Checksum verification runs after image streaming — the raw bytes are hashed during the write and compared against the expected digest. GPG verification downloads the detached signature and verifies it against the provided public key.

Provisioning telemetry tracks step-level timing, image throughput, retry counts, and error rates. Enable with TELEMETRY_ENABLED=true.

export TELEMETRY_ENABLED=true
export TELEMETRY_URL="http://caprf:8080/telemetry"
export METRICS_URL="http://caprf:8080/metrics"
export EVENT_URL="http://caprf:8080/events"

Telemetry reporting is best-effort — failures do not block provisioning.

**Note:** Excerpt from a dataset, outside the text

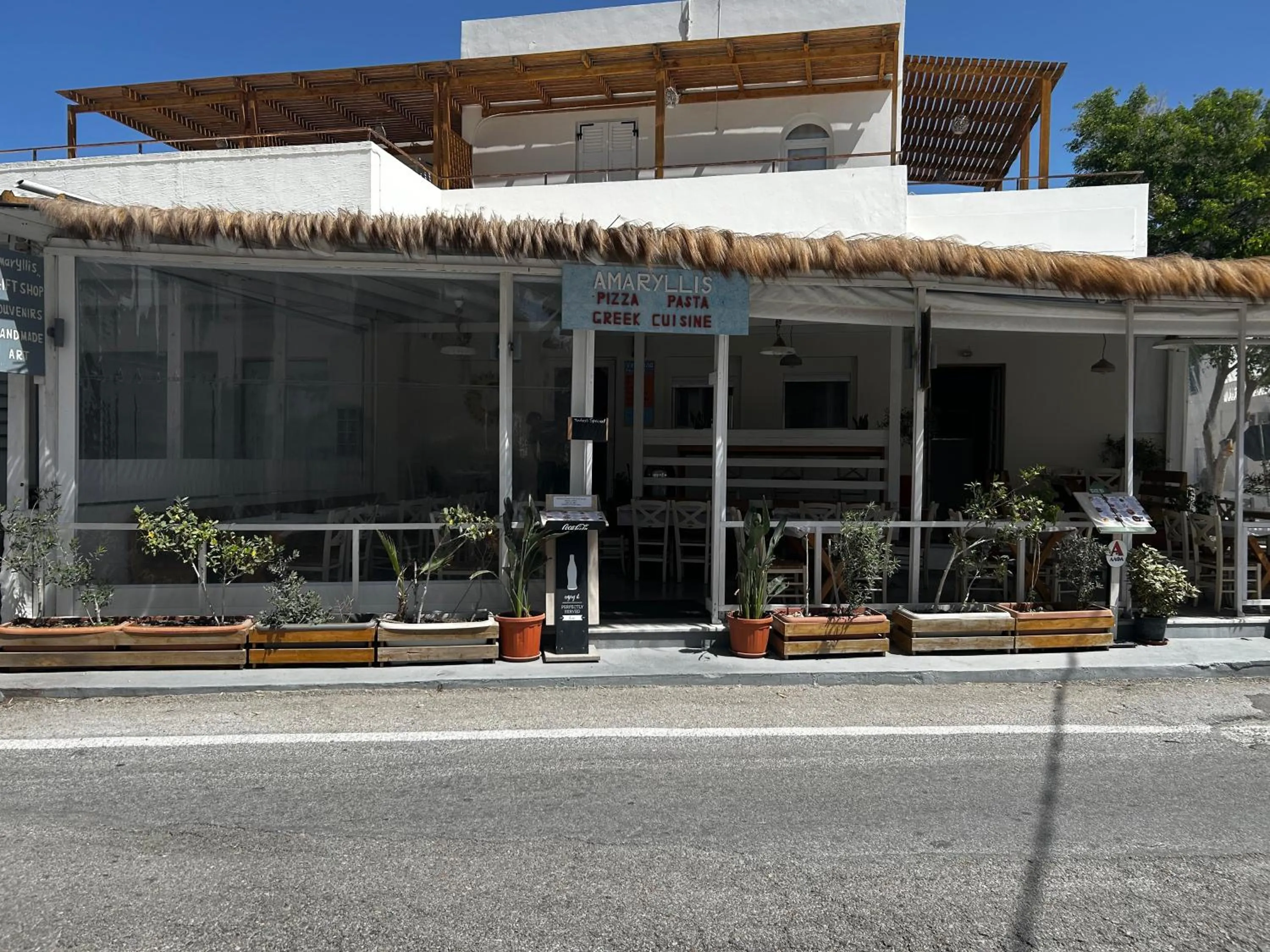 Restaurant/places to eat in Amaryllis Hotel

BOOTy can inspect the existing OS on the target disk before provisioning or deprovisioning performs destructive disk operations. When crash evidence is found, BOOTy uploads a tar.gz archive containing allowlisted crash artifacts plus manifest.json and metadata.json for fleet correlation.

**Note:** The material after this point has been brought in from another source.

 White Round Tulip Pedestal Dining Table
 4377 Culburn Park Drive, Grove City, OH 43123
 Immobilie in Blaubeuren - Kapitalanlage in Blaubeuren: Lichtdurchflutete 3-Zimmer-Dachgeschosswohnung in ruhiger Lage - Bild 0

export CRASH_ARTIFACTS_ENABLED=true
export CRASH_ARTIFACTS_PREPARE_URL="https://caprf.example.com/crash-artifacts/prepare"
export CRASH_ARTIFACTS_MAX_MB=256

The collector searches for kernel crash and dump evidence in paths such as /var/crash, /var/lib/systemd/coredump, /var/log/journal, kernel logs, and /sys/fs/pstore. The archive metadata reuses BOOTy's hardware inventory, firmware report, debug dump, and build information. Upload failures are best-effort and do not block provisioning.

CAPRF can either return presigned S3 upload instructions from CRASH_ARTIFACTS_PREPARE_URL or accept direct proxy uploads at CRASH_ARTIFACTS_UPLOAD_URL. BOOTy never sends its bearer token to presigned S3 URLs and does not log presigned query strings.

BOOTy can signal the CAPRF controller to re-enable Secure Boot after provisioning completes. The OS image must include signed bootloaders.

export SECUREBOOT_REENABLE=true

When enabled, BOOTy reports SECUREBOOT_REENABLE=true in its provisioning success status. The CAPRF controller then re-enables Secure Boot via Redfish before the final reboot. If the installed OS does not have signed bootloaders, the machine will fail to boot.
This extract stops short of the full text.